Matt Cutts recently revealed  that Google is now treating subdomains much more like subdirectories of a domain — in the sense that they wish to limit how many results show up for a given keyword search from a single site. In the past, some search marketers attempted to use keyworded subdomains as a method for improving search referral traffic from search engines — deploying out many keyword subdomains for terms for which they hoped to rank well.
Not long ago, I wrote an article on how some local directory sites were using subdomains  in an attempt to achieve good ranking results in search engines. In that article, I concluded that most of these sites were ranking well for other reasons not directly related to the presence of the keyword as a subdomain — I showed some examples of sites which ranked equally well or better in many cases where the keyword was a part of the URI as opposed to the subdomain. So, in Google, subdirectories were already functioning just as well as subdomains for the purposes of keyword rank optimization.
I’ve seen a lot of sites which had varying degrees of quality in their subdomaining strategies. If you do have subdomains, you should ideally insure that they contain primarily unique content not reflected on your other domains — each subdomain should contain page content that does not also live on other subdomains or else it can appear that you are attempting to spam the search engine indices.
Google’s Webmaster Guidelines are very clear on this subject :
“Don’t create multiple pages, subdomains, or domains with substantially duplicate content.”

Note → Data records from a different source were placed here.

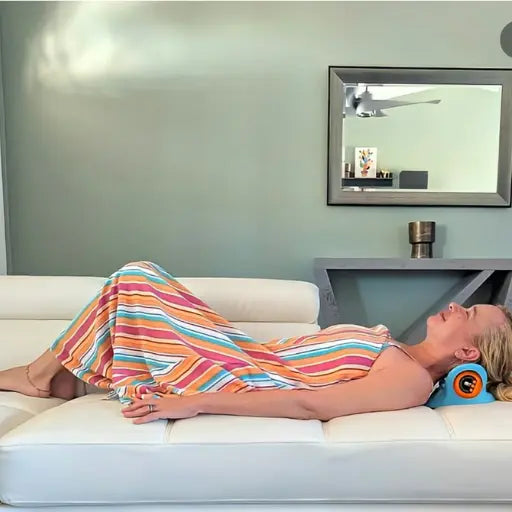 Person lying on a couch with a colorful striped garment, wearing an orange neck pillow.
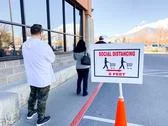Orem, Usa - April 2, 2020: Social Distancing Sign Outside Orem Utah Costco Stock Photos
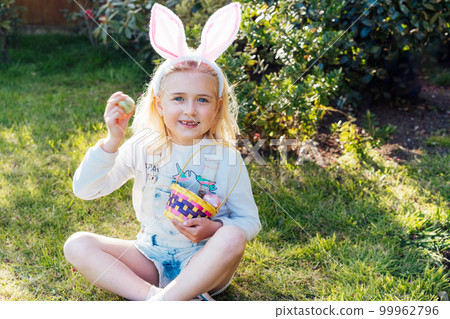 Portrait of happy little girl wearing bunny ears holding Easter egg after outdoor festive egg hunting in the garden. Kid having fun on Easter holiday. Children searching for eggs. Selective focus 99962796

Most large corporate websites have some level of accidental duplicate content, but if you deploy dozens or hundreds of subdomains with all dupe text, it will appear that you’re purposefully trying to spam the search engines — don’t do it.
If you are considering how to structure your URLs and site content for natural search marketing, I’d say you might be better off just using a simple format of descriptively keyworded directories and subdirectories rather than keyworded subdomains. This is often easier to manage, and it looks a lot more natural/reasonable from the search engines’ perspective. There’s lower likelihood of accidentally mirroring/duplicating your content, too.
Don’t freak out if you have a few subdomains — this is also natural. Many major websites host different site sections and applications on subdomains, and some have external providers delivering content on separate servers — it’s very easy in those cases to assign a subdomain to the third party that’s providing service for you. As long as you’re not duplicating the main content of your pages on the subdomains, this is fine.
Finally, I’ve had a number of people ask my opinion regarding foreign languages — which is better, subdomain or subdirectory.
I actually prefer using separate top-level domains (“TLDs”) for this purpose, since it allows you to send a very clear signal to the search engines that particular content is intended for various countries. For instance, your French language pages could be delivered on .FR domains like: www.example.fr
However, if for some reason you don’t wish to use foreign TLDs for your alternate language pages, you should not worry overly about using separate subdomains versus directory/subdirectories. “french.example.com” will likely function just as well as “www.example.com/french/” in my opinion. I believe that translated versions of pages are NOT counted as duplicate content because they essentially contain very different text. Yes, the information may be duplicated, but the text content is not, and pages in two different languages are far less likely to both come us as relevent for the same keyword search.
So, for foreign language pages, I recommend separate TLDs for best performance, or else use whatever approach is easiest for you to set up and maintain.